Another thematic axis that will guide the Summit is the presentation of concrete experiences across the world exemplifying another economy and another way to organize society. Examples are solidary economy - which proposes shorter and fairer circuits between production and consumption-, and agroecology – which uses food production based on small properties, made in a sustainable way and without the use of chemicals, such as pesticide.
As Rio prepares to host United Nation's Conference for Sustainable Development, it goes through an intense process of commodification, due also to the realization of mega sportive events - namely the 2014 World Cup and the 2016 Olympic Games. This process has been lacking transparency and dialogue with society, as well as respect for human rights such as the right to a home. The People's Summit shall approach this contradiction that affects the city.
Marcelo Durão, from Via Campesina, pointed out that the logic of the events has been to appropriate territories – not only in Rio, but in all capital cities that will host the World Cup. The same happened in other countries that have hosted these events. Brian Ashley, from the Mobilization Organizing Committee for COP 17, the Climate Conference that will take place in Durban, South Africa, remembered the 2010 World Cup in his country. "We have various social problems, such as an unemployment rate of 40% and serious problems with the health and education systems for which the government says there are no available resources. For the World Cup, however, U$ 40 billion were used in the construction of stadiums, airports and roads that now are only used by the elite or aren't used at all. There was massive resources transference to Fifa", he commented. Pointing to what he believes to be the social movements' mission in Rio+20: "We need to reveal another world in which the recourses don't obey private interests, but are rather used to protect nature and society".
And this isn't the only contradiction in the Brazilian government. Changes that are harmful to the environment and the peoples, proposed by the new Forest Code, haven't been forgotten. There is also the processing of a bill that would allow the use of seeds known as "terminator". These seeds don't reproduce and are the market's solution for contaminations.
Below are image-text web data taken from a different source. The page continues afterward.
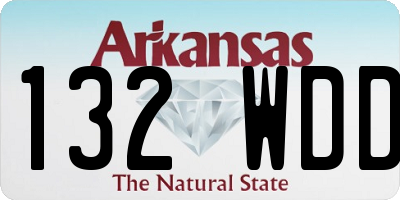 AR license plate 132WDD
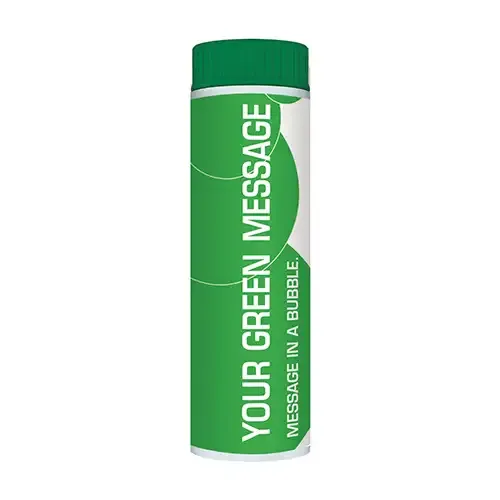 Pustefix Seifenblasen mit deinem Design bedruckt als Werbegeschenk mit Logo für Unternehmen 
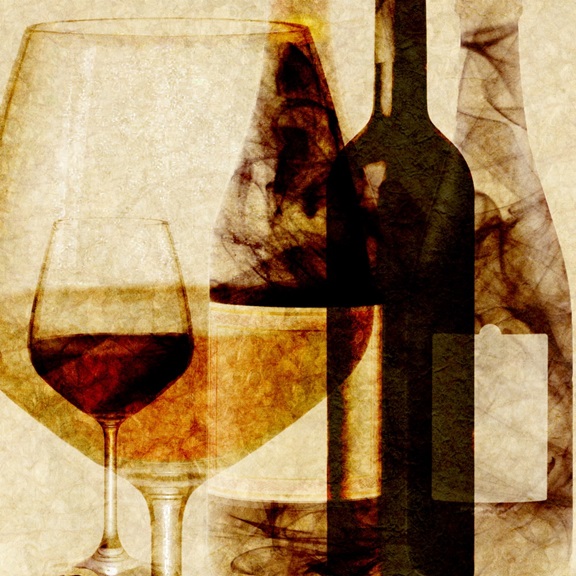 Superimposed Wine No. 1 Variante 1 | 40x40 cm | Premium-Papier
However, they are a blow to biodiversity and to farmer's knowledge and rights, who for thousands of years have reproduced their own seeds. There is an international moratorium against the terminator seeds and a change in Brazil's position might mean a cascade effect all over the world.
The organizers guarantee that they intend to build a process for the Peoples' Summit with direct connection with real struggles, no matter if they are resistance against policies imposed by G20, the continuation of World Social Forum's process or the debate about national agendas. As far as Brazil is concerned, Fátima asserted that the struggle against changes in the Forest Code, approved by the Congress, is structuring to the building process of the Peoples' Summit. Marcelo Durão pondered that in case the changes in the Forest Code are confirmed, they will represent one of the biggest losses of biodiversity in the world – and a great victory to agribusiness, which will enter the Amazon and expand livestock and monocultures such as soy.
In his opinion, for the barring of changes, we need people on the streets, following the example of demonstrations in Curitiba during the UN's Conferences about Biodiversity which guaranteed the moratorium against the terminator seeds. "The terminator seeds are yet another false solution presented by the market. We, from Via Campesina, don't believe in 'green economy'. The market cannot offer true solutions to the historical problems generated by the capitalist society. We believe that the solution isn't in the market, but rather in the experiences of the peoples, based on solidarity", asserted Durão.